According to an informed reading of the room, when Fitzgibbon advised Caucus he was out of shadow cabinet there was a wave of relief and some joy among most Labor MPs.

This sentiment drained fairly quickly as the politicians worked through where things might lead. The Jaffa which had been rolled down the Caucus centre aisle had leadership stamped on it.

This set a clock ticking that may ring an alarm early next year and spark a leadership crisis with an unknown outcome.

These still unfolding developments might have more immediate consequences were there a candidate or even a couple of settled contenders. There isn’t anyone regarded as the person most likely, despite the conventional wisdom suggesting shadow treasurer and Queenslander Jim Chalmers would be in the running.

At the moment various ambitious Labor MPs are being talked about and talking about themselves – a selection that includes former leader Bill Shorten, current deputy Richard Marles, and senior frontbenchers Tanya Plibersek and Tony Burke as well as Chalmers.

Behind these leadership tensions is a roiling debate about energy and climate policy.

Fitzgibbon, who suffered a near-death 14 per cent swing at the last election on the back of a surge by One Nation voters in his Hunter electorate, wants Labor to sit tight, mimic the government and wait until Labor wins before tackling the policy challenges.

Joel Fitzgibbon was reprimanded by Anthony Albanese after talking out about Labor’s climate stance. Photo: Getty/AAP

The ALP’s progressive left, led by climate policy spokesman Mark Butler, wants ambitious leadership on carbon emissions and a speedy move from fossil fuels to renewables.

Fitzgibbon has significant but not majority support in Labor’s Caucus, but his stirring of the leadership pot has caused previously subterranean doubt about Albanese to come to the surface.

A medium-term test for Albanese will be his shake-up of Labor’s front bench next month following a reshuffle by Scott Morrison. Fitzgibbon has demanded Butler go but his advocacy will make sure that won’t happen – which was probably his aim all along.

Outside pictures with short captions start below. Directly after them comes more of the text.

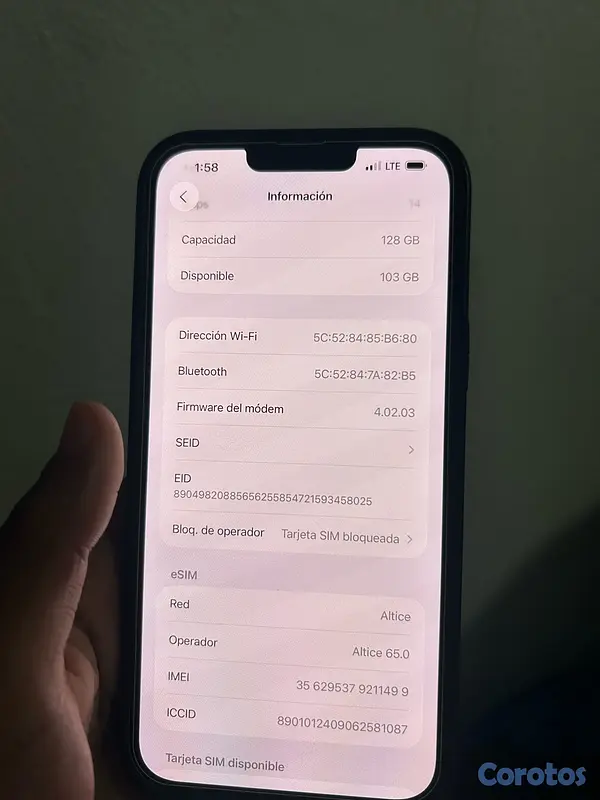 celulares y tabletas - iPhone 14 Plus  6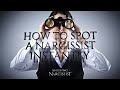 How to spot a narcissist instantly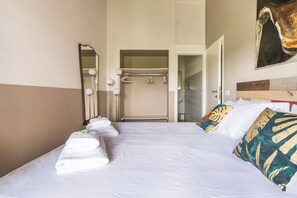 1 Schlafzimmer, Bügeleisen/Bügelbrett, kostenloses WLAN, Bettwäsche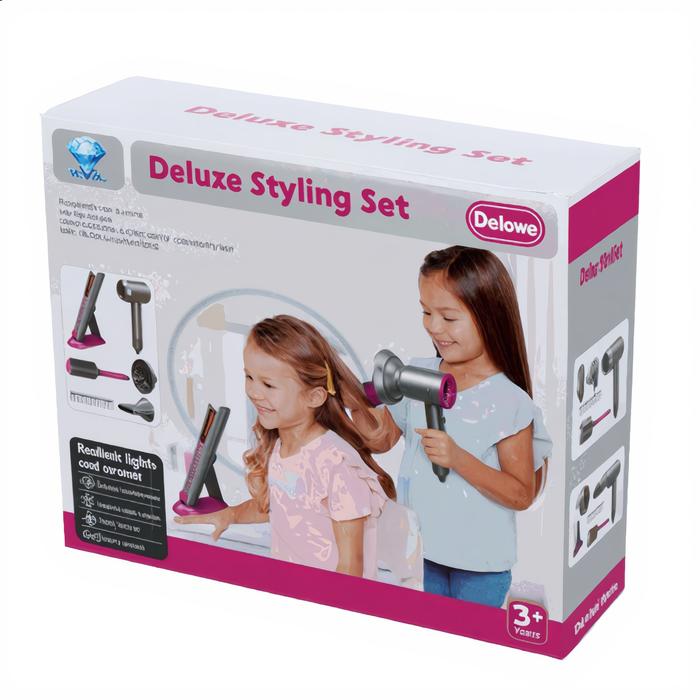 Deluxe Hair Styling Set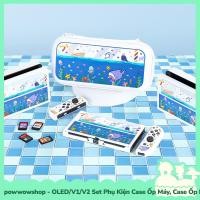 ราคา [มีจําหน่ายในเวียดนาม - Express] OLED/V1/V2 Set Accessory Set Case / Dock, Carrying Bag for Nintendo Switch Shark & Friends (43955938664)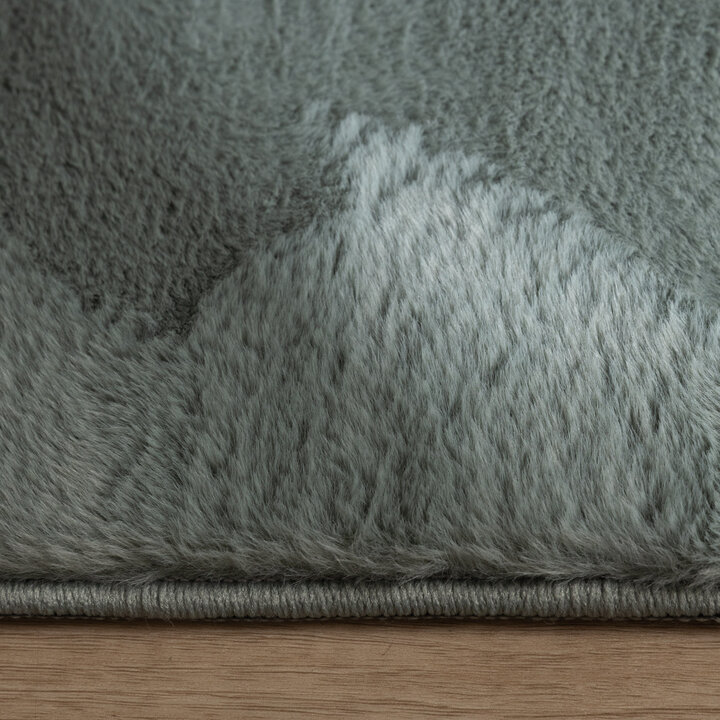 Zacht laagpolige Loper - Cozy Groen - 4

The questions about Albanese are not directly related to the climate/energy policy debates but rather whether he has the skills and judgment to lead the party.

Being a pot-stirrer is not a new role for Fitzgibbon – he was the lead shock troop in the ultimately successful assault on Julia Gillard’s leadership during the 2010 to 2013 period.

The way things are going, Fitzgibbon is going to reprise his success at toppling a leader. The remaining unknowns are when it will happen and just what – and who – comes next.